TASK BRIEF: In the listing that follows, the range to quote begins at the line that has "Mercedes-Benz A 250 e AMG Line - 14" and ends after the line that has "Luna Nectar Neptune"; quote it verbatim and add nothing.

================================

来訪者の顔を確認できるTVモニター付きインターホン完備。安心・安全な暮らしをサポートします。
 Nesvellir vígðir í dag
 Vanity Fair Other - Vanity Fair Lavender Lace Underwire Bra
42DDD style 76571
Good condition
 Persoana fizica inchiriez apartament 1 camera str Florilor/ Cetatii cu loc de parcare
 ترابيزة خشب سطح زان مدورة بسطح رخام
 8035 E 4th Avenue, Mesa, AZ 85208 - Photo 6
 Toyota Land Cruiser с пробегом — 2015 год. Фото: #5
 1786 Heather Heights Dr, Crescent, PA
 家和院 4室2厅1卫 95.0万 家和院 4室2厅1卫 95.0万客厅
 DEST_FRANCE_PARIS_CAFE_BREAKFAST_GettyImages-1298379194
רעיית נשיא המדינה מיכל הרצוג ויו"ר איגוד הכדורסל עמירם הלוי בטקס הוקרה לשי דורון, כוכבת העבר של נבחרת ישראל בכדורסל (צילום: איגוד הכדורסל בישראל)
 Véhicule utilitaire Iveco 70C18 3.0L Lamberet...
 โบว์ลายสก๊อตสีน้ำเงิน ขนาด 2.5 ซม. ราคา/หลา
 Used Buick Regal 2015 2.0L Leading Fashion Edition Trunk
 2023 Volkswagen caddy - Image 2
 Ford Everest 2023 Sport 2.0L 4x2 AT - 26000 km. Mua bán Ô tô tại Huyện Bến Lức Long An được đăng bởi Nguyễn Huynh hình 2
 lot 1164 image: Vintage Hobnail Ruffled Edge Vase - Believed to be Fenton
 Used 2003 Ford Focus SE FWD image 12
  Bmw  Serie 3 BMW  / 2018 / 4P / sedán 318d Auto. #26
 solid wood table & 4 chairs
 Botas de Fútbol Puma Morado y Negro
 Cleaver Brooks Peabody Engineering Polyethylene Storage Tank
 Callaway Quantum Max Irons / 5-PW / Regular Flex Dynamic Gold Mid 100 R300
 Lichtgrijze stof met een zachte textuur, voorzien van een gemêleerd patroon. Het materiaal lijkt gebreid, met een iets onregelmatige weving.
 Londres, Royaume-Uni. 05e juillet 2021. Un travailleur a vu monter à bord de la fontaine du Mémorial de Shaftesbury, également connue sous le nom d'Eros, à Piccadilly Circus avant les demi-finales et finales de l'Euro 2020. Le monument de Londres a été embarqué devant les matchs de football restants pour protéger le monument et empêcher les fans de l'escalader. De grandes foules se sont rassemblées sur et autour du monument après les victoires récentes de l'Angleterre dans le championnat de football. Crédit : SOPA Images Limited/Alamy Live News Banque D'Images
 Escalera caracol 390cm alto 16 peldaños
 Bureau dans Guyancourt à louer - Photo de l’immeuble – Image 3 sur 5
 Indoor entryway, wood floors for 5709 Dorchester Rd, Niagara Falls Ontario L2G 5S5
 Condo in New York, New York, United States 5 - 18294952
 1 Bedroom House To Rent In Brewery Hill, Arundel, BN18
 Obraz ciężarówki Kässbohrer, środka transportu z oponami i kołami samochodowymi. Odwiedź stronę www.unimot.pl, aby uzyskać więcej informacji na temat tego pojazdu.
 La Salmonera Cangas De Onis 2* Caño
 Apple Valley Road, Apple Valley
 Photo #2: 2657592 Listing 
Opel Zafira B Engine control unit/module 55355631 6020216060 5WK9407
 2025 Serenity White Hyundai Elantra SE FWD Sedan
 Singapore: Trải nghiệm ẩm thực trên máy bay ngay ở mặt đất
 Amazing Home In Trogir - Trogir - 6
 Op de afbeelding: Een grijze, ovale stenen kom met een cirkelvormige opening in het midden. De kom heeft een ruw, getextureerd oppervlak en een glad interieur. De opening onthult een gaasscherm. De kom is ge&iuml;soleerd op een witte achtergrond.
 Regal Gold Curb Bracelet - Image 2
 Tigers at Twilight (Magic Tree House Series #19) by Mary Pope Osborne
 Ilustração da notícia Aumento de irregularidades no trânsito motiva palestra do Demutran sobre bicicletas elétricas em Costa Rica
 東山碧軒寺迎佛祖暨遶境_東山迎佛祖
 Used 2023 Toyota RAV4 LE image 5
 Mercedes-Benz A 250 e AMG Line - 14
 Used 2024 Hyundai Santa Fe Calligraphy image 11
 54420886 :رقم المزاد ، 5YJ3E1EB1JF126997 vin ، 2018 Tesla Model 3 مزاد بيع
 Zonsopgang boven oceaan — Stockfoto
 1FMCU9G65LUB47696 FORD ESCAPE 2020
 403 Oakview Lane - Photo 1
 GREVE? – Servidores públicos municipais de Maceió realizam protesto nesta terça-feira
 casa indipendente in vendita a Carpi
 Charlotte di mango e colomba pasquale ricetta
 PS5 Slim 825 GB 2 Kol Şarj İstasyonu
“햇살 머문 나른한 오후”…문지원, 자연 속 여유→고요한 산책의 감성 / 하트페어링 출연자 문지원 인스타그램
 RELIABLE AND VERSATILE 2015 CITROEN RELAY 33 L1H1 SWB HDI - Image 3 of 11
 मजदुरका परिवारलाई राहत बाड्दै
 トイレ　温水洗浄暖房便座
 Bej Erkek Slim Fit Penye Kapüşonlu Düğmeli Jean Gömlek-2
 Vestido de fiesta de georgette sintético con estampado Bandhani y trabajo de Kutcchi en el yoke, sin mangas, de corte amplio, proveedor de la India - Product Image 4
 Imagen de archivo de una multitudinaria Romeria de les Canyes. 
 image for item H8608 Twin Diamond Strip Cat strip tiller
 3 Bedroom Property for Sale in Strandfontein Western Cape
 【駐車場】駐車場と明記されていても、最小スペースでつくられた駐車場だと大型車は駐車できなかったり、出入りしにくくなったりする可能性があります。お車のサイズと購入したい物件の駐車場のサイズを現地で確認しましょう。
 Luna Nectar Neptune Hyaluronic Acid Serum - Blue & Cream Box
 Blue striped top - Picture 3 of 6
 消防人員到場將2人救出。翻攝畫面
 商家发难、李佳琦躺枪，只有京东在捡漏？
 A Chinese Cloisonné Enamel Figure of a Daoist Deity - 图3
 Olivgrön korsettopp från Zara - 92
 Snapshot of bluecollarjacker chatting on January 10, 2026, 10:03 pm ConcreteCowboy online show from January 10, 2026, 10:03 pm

================================

RESULT OF THE EXERCISE:
 Mercedes-Benz A 250 e AMG Line - 14
 Used 2024 Hyundai Santa Fe Calligraphy image 11
 54420886 :رقم المزاد ، 5YJ3E1EB1JF126997 vin ، 2018 Tesla Model 3 مزاد بيع
 Zonsopgang boven oceaan — Stockfoto
 1FMCU9G65LUB47696 FORD ESCAPE 2020
 403 Oakview Lane - Photo 1
 GREVE? – Servidores públicos municipais de Maceió realizam protesto nesta terça-feira
 casa indipendente in vendita a Carpi
 Charlotte di mango e colomba pasquale ricetta
 PS5 Slim 825 GB 2 Kol Şarj İstasyonu
“햇살 머문 나른한 오후”…문지원, 자연 속 여유→고요한 산책의 감성 / 하트페어링 출연자 문지원 인스타그램
 RELIABLE AND VERSATILE 2015 CITROEN RELAY 33 L1H1 SWB HDI - Image 3 of 11
 मजदुरका परिवारलाई राहत बाड्दै
 トイレ　温水洗浄暖房便座
 Bej Erkek Slim Fit Penye Kapüşonlu Düğmeli Jean Gömlek-2
 Vestido de fiesta de georgette sintético con estampado Bandhani y trabajo de Kutcchi en el yoke, sin mangas, de corte amplio, proveedor de la India - Product Image 4
 Imagen de archivo de una multitudinaria Romeria de les Canyes. 
 image for item H8608 Twin Diamond Strip Cat strip tiller
 3 Bedroom Property for Sale in Strandfontein Western Cape
 【駐車場】駐車場と明記されていても、最小スペースでつくられた駐車場だと大型車は駐車できなかったり、出入りしにくくなったりする可能性があります。お車のサイズと購入したい物件の駐車場のサイズを現地で確認しましょう。
 Luna Nectar Neptune Hyaluronic Acid Serum - Blue & Cream Box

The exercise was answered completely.